Re: [PATCH v7 3/7] of/platform: Add functional dependency link from DT bindings
From: Saravana Kannan
Date: Thu Aug 15 2019 - 21:51:47 EST
On Wed, Aug 7, 2019 at 7:06 PM Frank Rowand <frowand.list@xxxxxxxxx> wrote:
>
> On 7/23/19 5:10 PM, Saravana Kannan wrote:
> > Add device-links after the devices are created (but before they are
> > probed) by looking at common DT bindings like clocks and
> > interconnects.
> >
> > Automatically adding device-links for functional dependencies at the
> > framework level provides the following benefits:
> >
> > - Optimizes device probe order and avoids the useless work of
> > attempting probes of devices that will not probe successfully
> > (because their suppliers aren't present or haven't probed yet).
> >
> > For example, in a commonly available mobile SoC, registering just
> > one consumer device's driver at an initcall level earlier than the
> > supplier device's driver causes 11 failed probe attempts before the
> > consumer device probes successfully. This was with a kernel with all
> > the drivers statically compiled in. This problem gets a lot worse if
> > all the drivers are loaded as modules without direct symbol
> > dependencies.
> >
> > - Supplier devices like clock providers, interconnect providers, etc
> > need to keep the resources they provide active and at a particular
> > state(s) during boot up even if their current set of consumers don't
> > request the resource to be active. This is because the rest of the
> > consumers might not have probed yet and turning off the resource
> > before all the consumers have probed could lead to a hang or
> > undesired user experience.
> >
> > Some frameworks (Eg: regulator) handle this today by turning off
> > "unused" resources at late_initcall_sync and hoping all the devices
> > have probed by then. This is not a valid assumption for systems with
> > loadable modules. Other frameworks (Eg: clock) just don't handle
> > this due to the lack of a clear signal for when they can turn off
> > resources. This leads to downstream hacks to handle cases like this
> > that can easily be solved in the upstream kernel.
> >
> > By linking devices before they are probed, we give suppliers a clear
> > count of the number of dependent consumers. Once all of the
> > consumers are active, the suppliers can turn off the unused
> > resources without making assumptions about the number of consumers.
> >
> > By default we just add device-links to track "driver presence" (probe
> > succeeded) of the supplier device. If any other functionality provided
> > by device-links are needed, it is left to the consumer/supplier
> > devices to change the link when they probe.
> >
> > Signed-off-by: Saravana Kannan <saravanak@xxxxxxxxxx>
> > ---
> > .../admin-guide/kernel-parameters.txt | 5 +
> > drivers/of/platform.c | 165 ++++++++++++++++++
> > 2 files changed, 170 insertions(+)
> >
>
> Documentation/admin-guide/kernel-paramers.rst:
>
> After line 129, add:
>
> OF Devicetree is enabled
Will do.
> > diff --git a/Documentation/admin-guide/kernel-parameters.txt b/Documentation/admin-guide/kernel-parameters.txt
> > index 46b826fcb5ad..12937349d79d 100644
> > --- a/Documentation/admin-guide/kernel-parameters.txt
> > +++ b/Documentation/admin-guide/kernel-parameters.txt
> > @@ -3170,6 +3170,11 @@
> > This can be set from sysctl after boot.

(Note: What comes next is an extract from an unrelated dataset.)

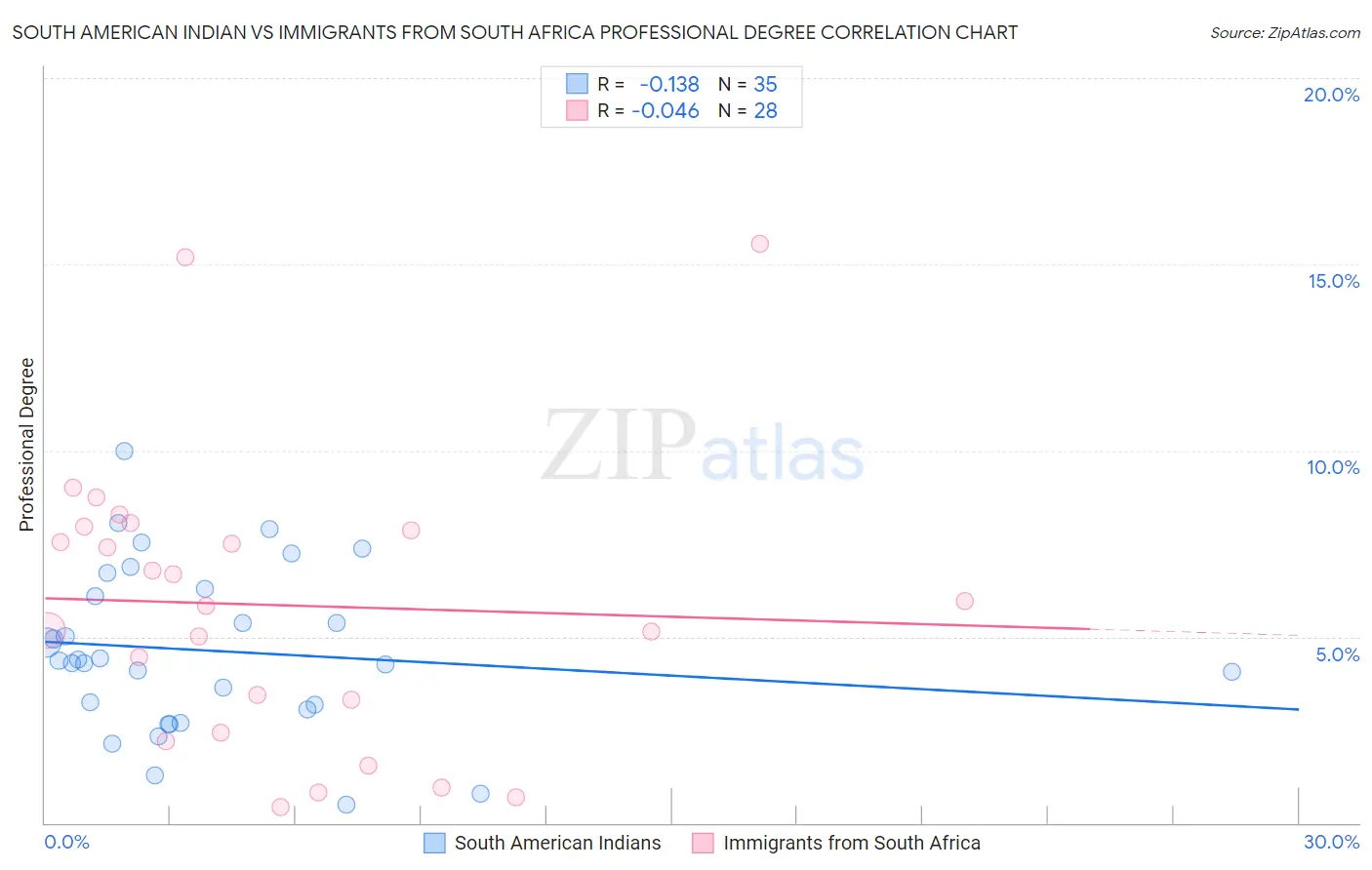 South American Indian vs Immigrants from South Africa Professional Degree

> > See Documentation/admin-guide/sysctl/vm.rst for details.
> >
> > + of_devlink [KNL] Make device links from common DT bindings. Useful
> > + for optimizing probe order and making sure resources
> > + aren't turned off before the consumer devices have
> > + probed.
>
> of_supplier_depend instead of of_devlink ????
I'm open to other names, but of_supplier_depend is just odd.

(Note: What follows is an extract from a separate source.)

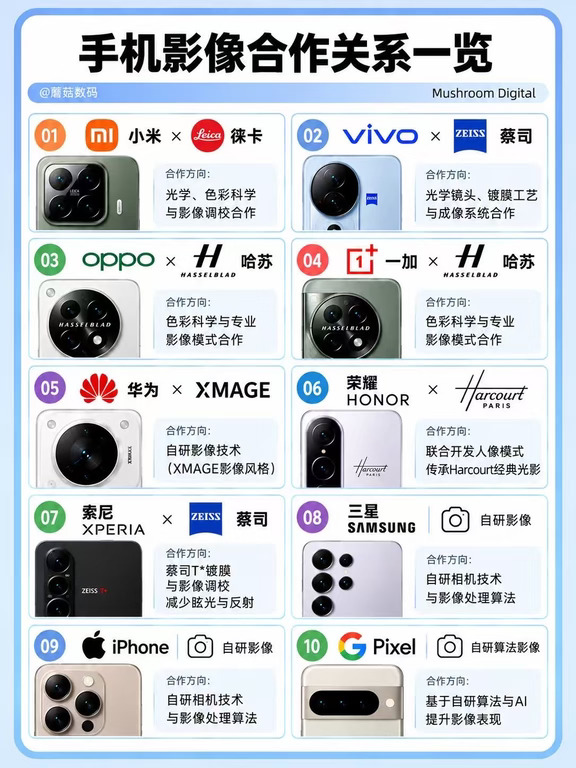 原来手机拍照背后，还有这么多“隐藏搭档”📷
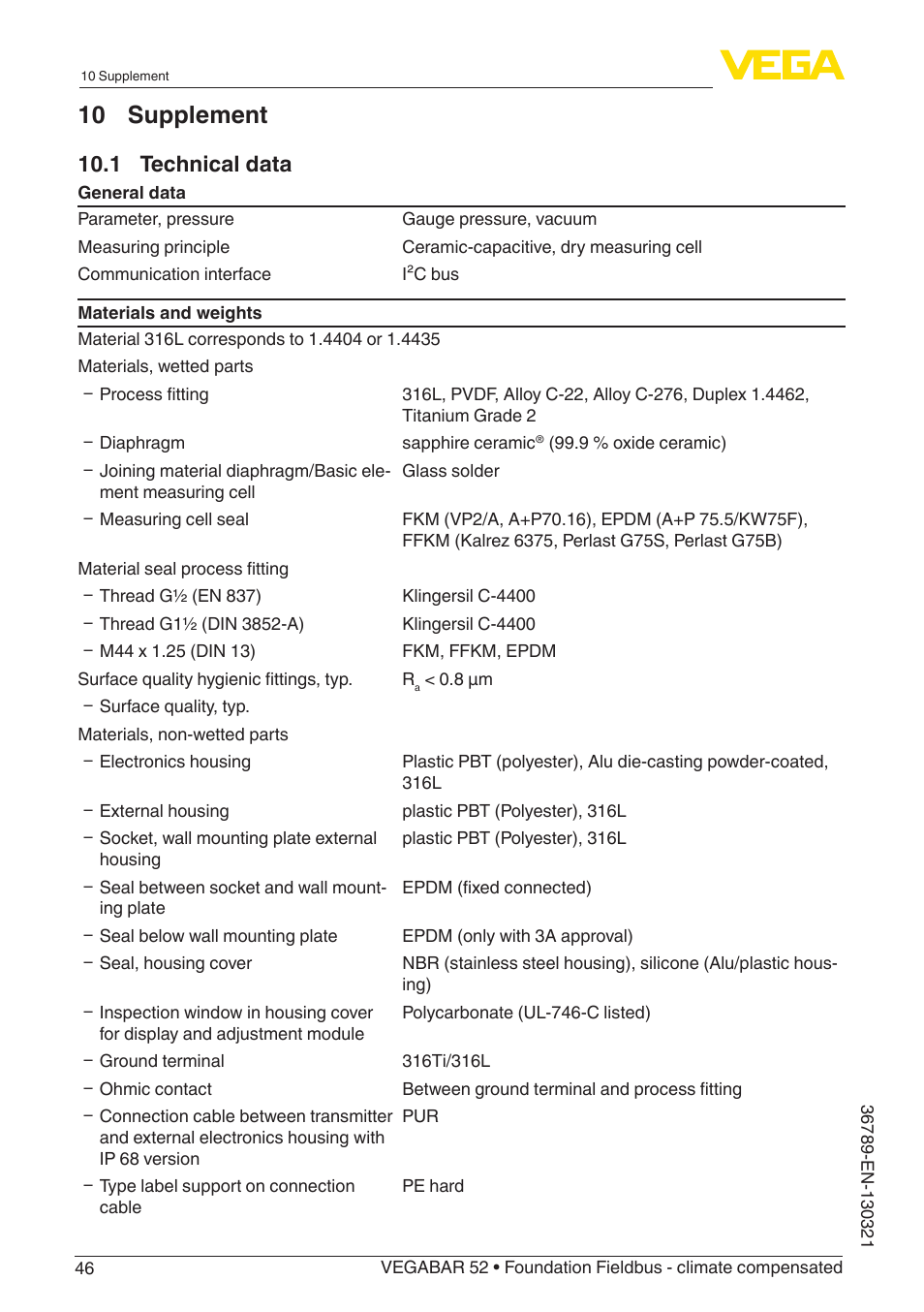 10 supplement, 1 technical data | VEGA VEGABAR 52 Foundation Fieldbus - climate compensated User Manual | Page 46 / 76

of_devlink stands for of_device_links. If someone wants to know what
device links do, they can read up on the device links documentation?
>
> of_supplier_depend
> [OF, KNL] Make device links from consumer devicetree
> nodes to supplier devicetree nodes.
We are creating device links between devices. Not device tree nodes.
So this would be wrong. I'll replace it with "devicetree nodes" with
"devices"?
> The
> consumer / supplier relationships are inferred from
> scanning the devicetree.
I like this part. How about clarifying it with "from scanning the
common bindings in the devicetree"? Because we aren't trying to scan
the device specific properties.
> The driver for a consumer
> device will not be probed until the drivers for all of
> its supplier devices have been successfully probed.
A driver is never probed. It's a device that's probed. The dependency
is between devices and not drivers. So, how about I replace this with:
"The consumer device will not be probed until all of its supplier
devices are successfully probed"?
Also, any reason you removed the "resources aren't turned off ..."
part? That's one of the biggest improvements of this patch series. Do
you want to rewrite that part too? Or I'll leave my current wording of
that part as is?
>
>
> > +
> > ohci1394_dma=early [HW] enable debugging via the ohci1394 driver.
> > See Documentation/debugging-via-ohci1394.txt for more
> > info.
> > diff --git a/drivers/of/platform.c b/drivers/of/platform.c
> > index 7801e25e6895..4344419a26fc 100644
> > --- a/drivers/of/platform.c
> > +++ b/drivers/of/platform.c
> > @@ -508,6 +508,170 @@ int of_platform_default_populate(struct device_node *root,
> > }
> > EXPORT_SYMBOL_GPL(of_platform_default_populate);
> >
>
> > +bool of_link_is_valid(struct device_node *con, struct device_node *sup)
>
> Change to less vague:
>
> bool of_ancestor_of(struct device_node *test_np, struct device_node *np)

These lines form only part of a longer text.